Essay: To Try, To Weigh, To Ascertain the Value of

The enormous amount of enjoyment we can get out of a well-written essay is not derived merely from the subject being written about but from the journey we take with the writer as he or she applies his or her intelligence to a subject, often examining it from many angles and showing us how it connects to many other subjects. An essay of the type I mean is a reflection, refracting light onto the subject off the many facets of a brilliant mind. The whole of such an essay, greater than its parts, carries its meaning.

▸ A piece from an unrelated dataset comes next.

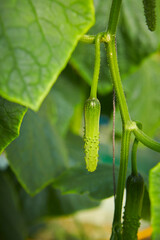 Cucumber close-up in a greenhouse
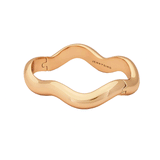 Ola Bangle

The word peregrinate comes to mind, a word I know well but have never had the occasion to actually use before. The English word comes from Latin peregrinatio (journey) through Old French word peregrinacion (pilgrimage). Peregrinating is a most apt word for Rutler’s essays, because he seems to be walking us around as he moves from one anecdote, one image, one historical personage or story to another. Sometimes you feel he’s lost his way. But at the end of the peregrination, he has usually brought you somewhere you have never quite been before.

Most of us know that the word essay is derived from the French word essayer, which means to attempt, or to try, or to ascertain the value of something. When we learned to write essays in school, we weren’t taught the type of essay that Fr. George Rutler writes. His are literary essays, not the kind written with a thesis stated up front and and a concluding argument.

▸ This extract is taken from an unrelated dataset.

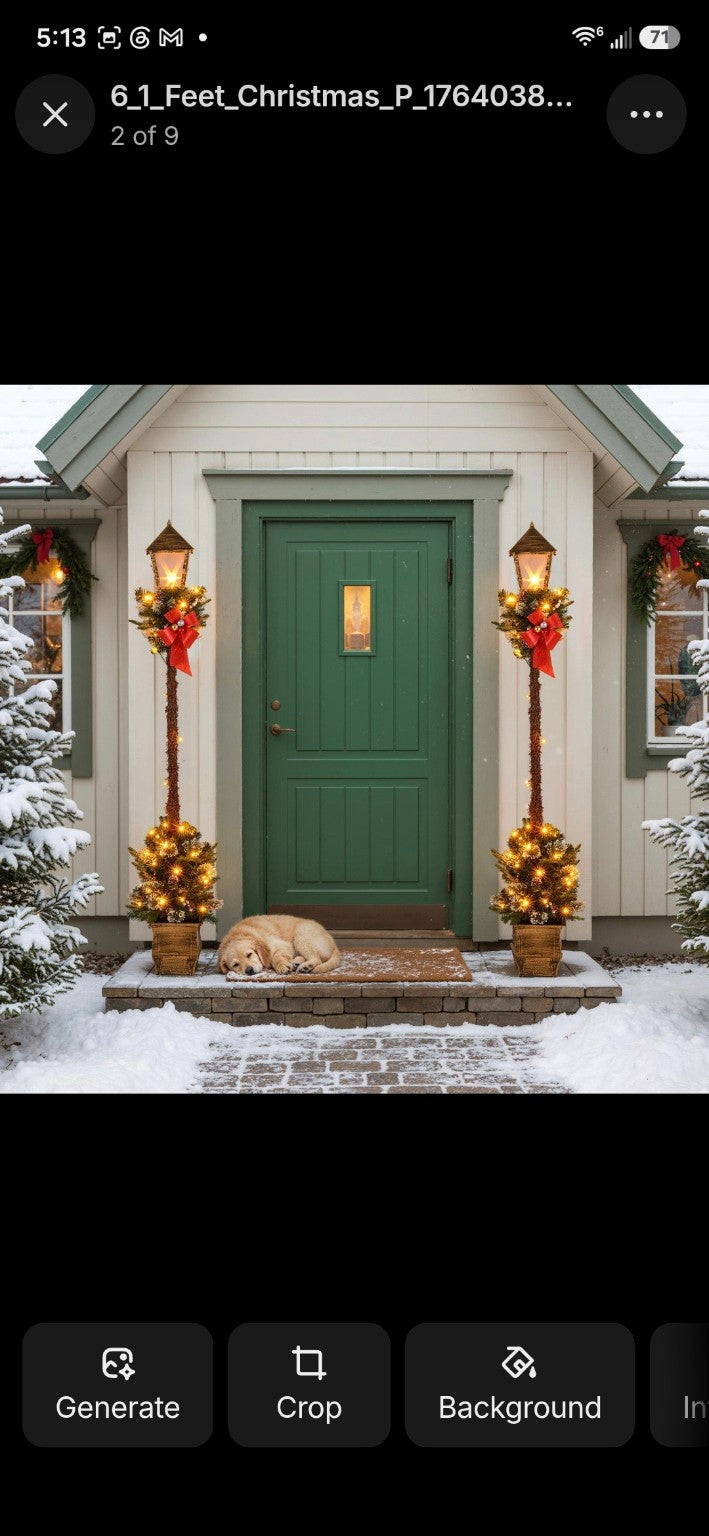 Christmas Decor and Wrap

The meaning of a pedestrian essay might be summarized in a sentence or two, but what would be the fun in that? A peregrinating literary essay doesn’t proceed like a newspaper article, which gives us the most important information first. And it’s not like a scientific paper, which gives us an abstract of its conclusions to read before we start.

How I Learned to Love Essays

I learned to love essays before I ever knew what an essay was. Ever since I was a young child, I have been an avid reader. I spent a lot of time in doctors’ offices when my Aunt Peggy would take me or one of my two sisters or her daughter, our cousin, to appointments in Boston when I was a kid, and I cut my intellectual baby teeth on the long discursive essays I read in the months-old or even years-old New Yorker magazines I picked up to read in doctors’ waiting rooms.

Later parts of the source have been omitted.